If I told you that I overheard these comments while sitting in a high school classroom, you probably wouldn't guess that the students were reacting to a time-lapse video of a seed germinating.
And, no, this was not in a science class.
At Essex Street Academy on the Lower East Side, math teacher Sara Katz teaches the sole elective offered to the tenth grade -- a class called Food for Thought. She has been teaching the class during the spring semester for the past three years with funding assistance from Slow Food NYC's Urban Harvest program. The objective of the class is to encourage the students to think critically about the food they consume and their own interactions with the food system. Katz does not set out to criticize the students' food choices or drill them on micronutrients. Instead, the course is intended to give the high school sophomores a lens through which to make decisions and interpret information.
In a recent class, the students were starting seeds for their roof garden. Katz posed a number of questions and they broke off into groups to brainstorm. A question about which foods can grow in New York City sparked intense debate as the students grappled with the distinction between what could grow in the climate and their presumptions about what people actually grow in the city. So, when one student suggested grapes, another student disagreed because she felt it was impractical to grow grapes in an urban environment. Katz used the opportunity to encourage the class to consider all the options available for growing food in the city outside of a traditional farm setting. When she asked the students whether they could grow plants inside, many of them said no; but she urged them to consider spaces like windowsills, community gardens, fire escapes and rooftops.
Another question required the students to consider which crops would be ready to harvest in late May or early June. As anyone involved in a school garden knows, the height of the growing season occurs during summer break and so spring and fall crops are more suitable. This question stumped the students a little bit more. Katz pushed them to think about how they are used to having produce available in the supermarket year round, but reminded them that each crop has an actual season. Therefore, for their rooftop garden, they would be planting the makings of a giant salad- lettuces, radishes, herbs, etc.- to be harvested before the end of the school year.
Listening to the students debate food issues and observing their many "aha!" moments made me envious of the unique opportunity they have to take this class as high schoolers. Katz is exposing her students to an incredible range of information and experiences at a critical moment in their development as young citizens. They engage with current food issues through a range of articles and book excerpts tailored to each unit. There is an overnight trip to Hawthorne Valley Farm in Columbia County and field trip to The Meat Hook, a full-service butcher shop in Brooklyn that sources locally produced meat. They are going into the community and conducting surveys of nearby businesses while learning about food access. They are debating and role-playing economic and political issues related to food. It is truly impressive.
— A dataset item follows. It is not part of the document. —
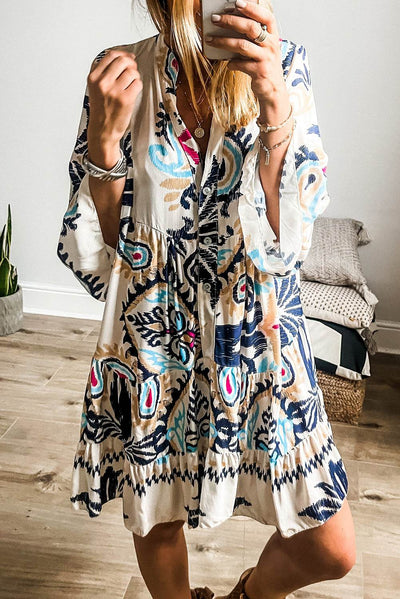 White Printed Tribal Bracelet Sleeve Buttoned Mini Dress - Ebony's Shopping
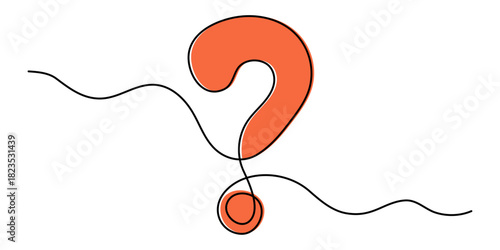 Question mark one line art, hand drawn asking sign, idea continuous contour. Query FAQ concept, finding answer. Editable stroke. Isolated. Vector illustration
As a Slow Food NYC Urban Harvest committee member, I am continually awestruck by the passion, commitment and energy that teachers like Sara Katz bring into their classrooms. They are often treading into new territory when they break ground for a school garden, bring mobile kitchens into their schools, or develop a unit on food justice for high school students. The Urban Harvest in Schools initiative strives to sustain these teachers and programs through financial support and access to resources. One of the unique aspects of Urban Harvest is that we do not actually go into the schools with our own curriculum. Our objective is to support the teachers who want to incorporate a good food curriculum into their classrooms and assist them in achieving that goal. Because food is such a personal and sometimes sensitive subject and schools serve children from a myriad of backgrounds, this allows educators who are already attuned to the needs and histories of their students to institute an appropriate food curriculum.
Urban Harvest currently works with 14 schools in the South Bronx, Brooklyn, East Harlem, and the Lower East Side. On average, in the 13 public schools served, 75.7 percent of the students participate in the federal free lunch program. Each school is different in how it implements good food education, but projects include school gardens, food justice education, mobile kitchens and farm stands where students sell fresh local produce in their neighborhoods. Slow Food NYC is hosting its annual fundraiser, the (s)low down, on April 11 in Brooklyn to raise funds for the Urban Harvest program. The event will also honor Chef Bill Telepan for his dedication to improving school food through his Wellness in the Schools initiative.